§ **TASK OBJECTIVE**
Retype only the lines running from the beginning of the entries below to the line with "Lulus Feel the", both included. Do not include pictures.

---

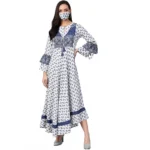 White Blue Rayon Floral Bell Sleeve Dress for Women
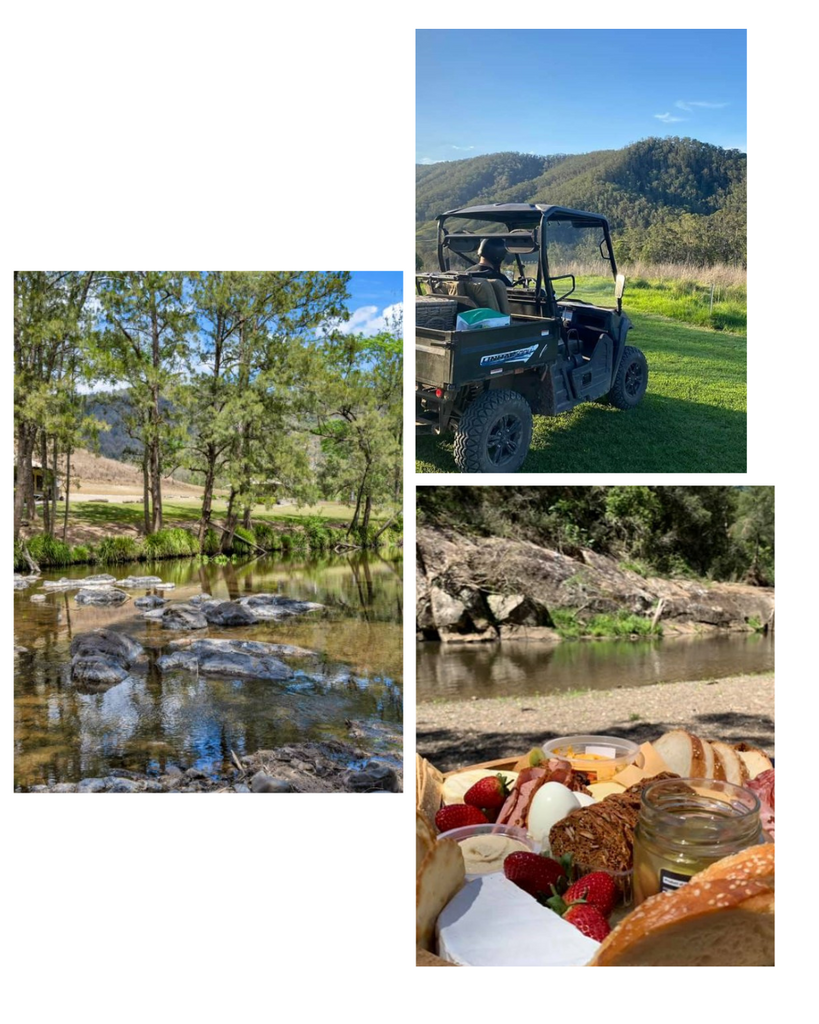 one shot of the manning river, one of a picnic by the river and another riding around the property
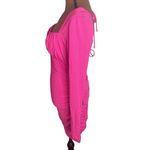 Lulus Feel the Attraction Hot Pink Ruched Long Sleeve Bodycon Dress size L Size L Photo 5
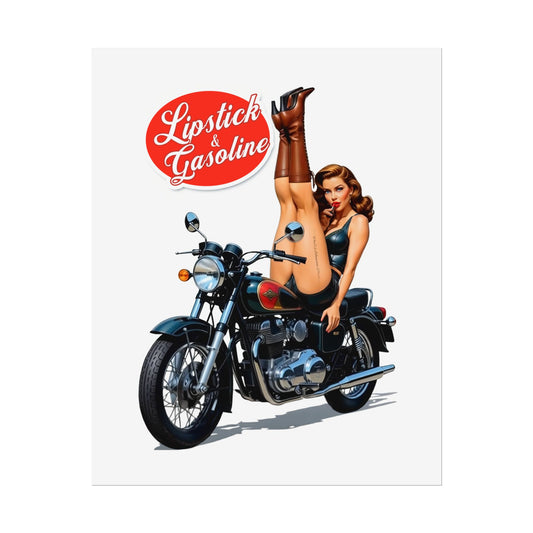 Vintage BIker Babe Lipstick & Gasoline Pin-Up Poster, Retro Motorcycle PinUp Girl, Mancave Decor, 1950s Style Wall Art, Pin Up Heaven Collection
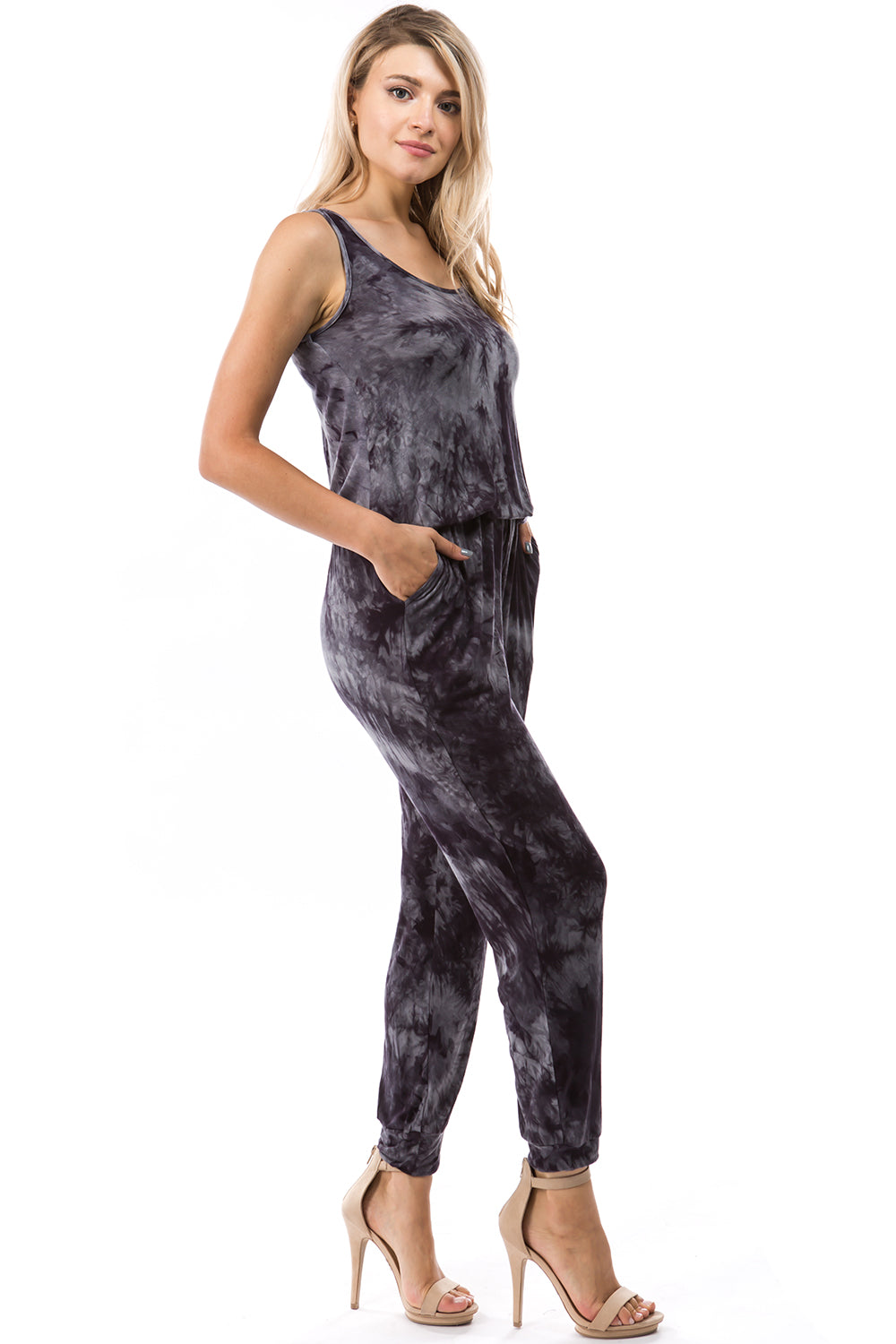 CORA JUMPSUITS (CHARCOAL TIE DYE)- VD2754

---

§ **THE COMPLETED TASK**
 White Blue Rayon Floral Bell Sleeve Dress for Women
 one shot of the manning river, one of a picnic by the river and another riding around the property
 Lulus Feel the Attraction Hot Pink Ruched Long Sleeve Bodycon Dress size L Size L Photo 5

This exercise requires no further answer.